§ **EXCERPTED RECORDS**
____

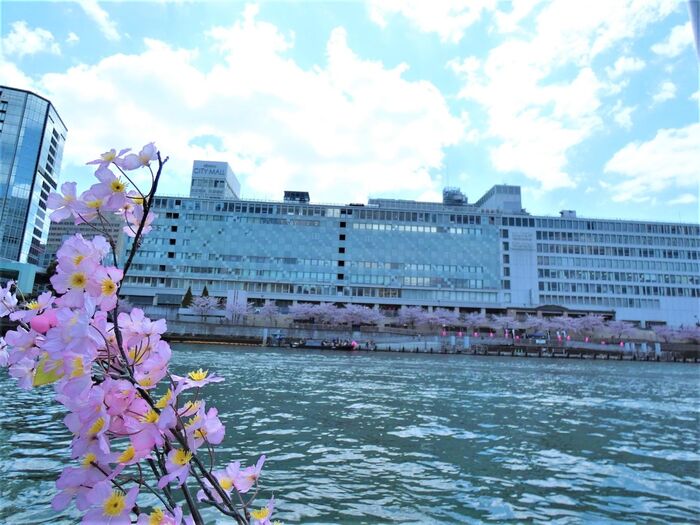 スタート地点に戻りました!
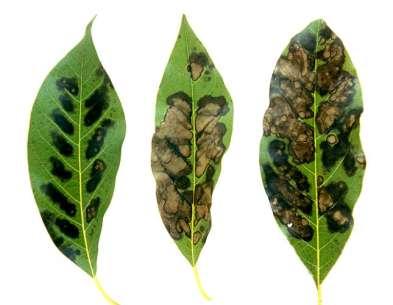 New Growers Quick Guide Potassium Leaf tip and marginal burn, starting on mature leaves, small brownish spots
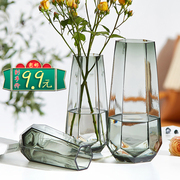 创意简约ins玻璃花瓶透明水养，富贵竹百合干鲜花插花北欧网红花瓶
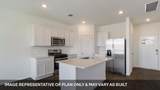 1181 Celosia Loop - Photo 2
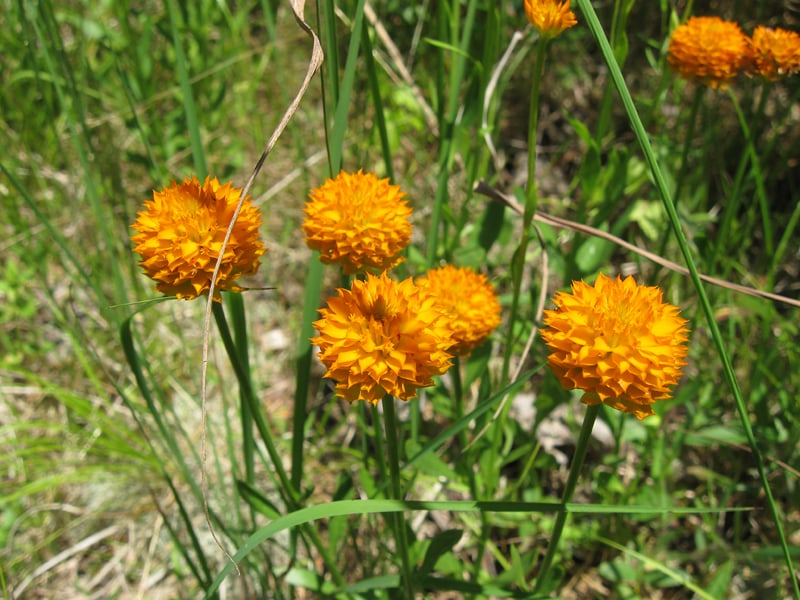 orangemilkwort4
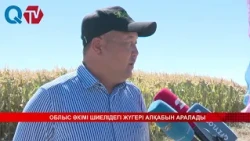 ОБЛЫС ӘКІМІ ШИЕЛІДЕГІ ЖҮГЕРІ АЛҚАБЫН АРАЛАДЫ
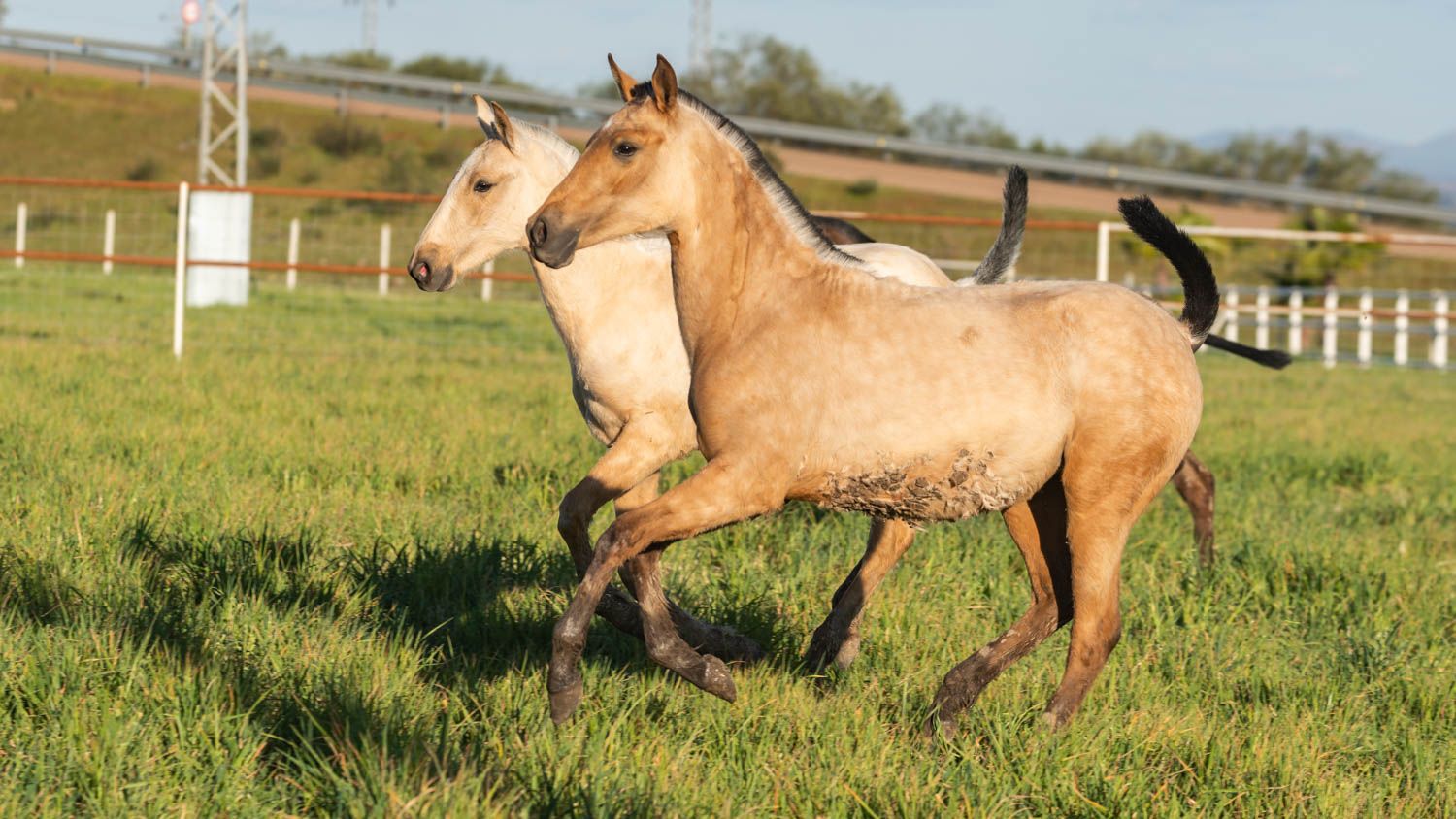 Horse-299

____

§ **ACTIVITY**
Pictures are to be omitted from the copy. Reproduce exactly, and only, the lines from the one containing "创意简约ins玻璃花瓶透明水养，富贵竹百合干鲜花插花北欧网红花瓶" to the end of the listing above.

§ **SOLUTION**
 创意简约ins玻璃花瓶透明水养，富贵竹百合干鲜花插花北欧网红花瓶
 1181 Celosia Loop - Photo 2
 orangemilkwort4
 ОБЛЫС ӘКІМІ ШИЕЛІДЕГІ ЖҮГЕРІ АЛҚАБЫН АРАЛАДЫ
 Horse-299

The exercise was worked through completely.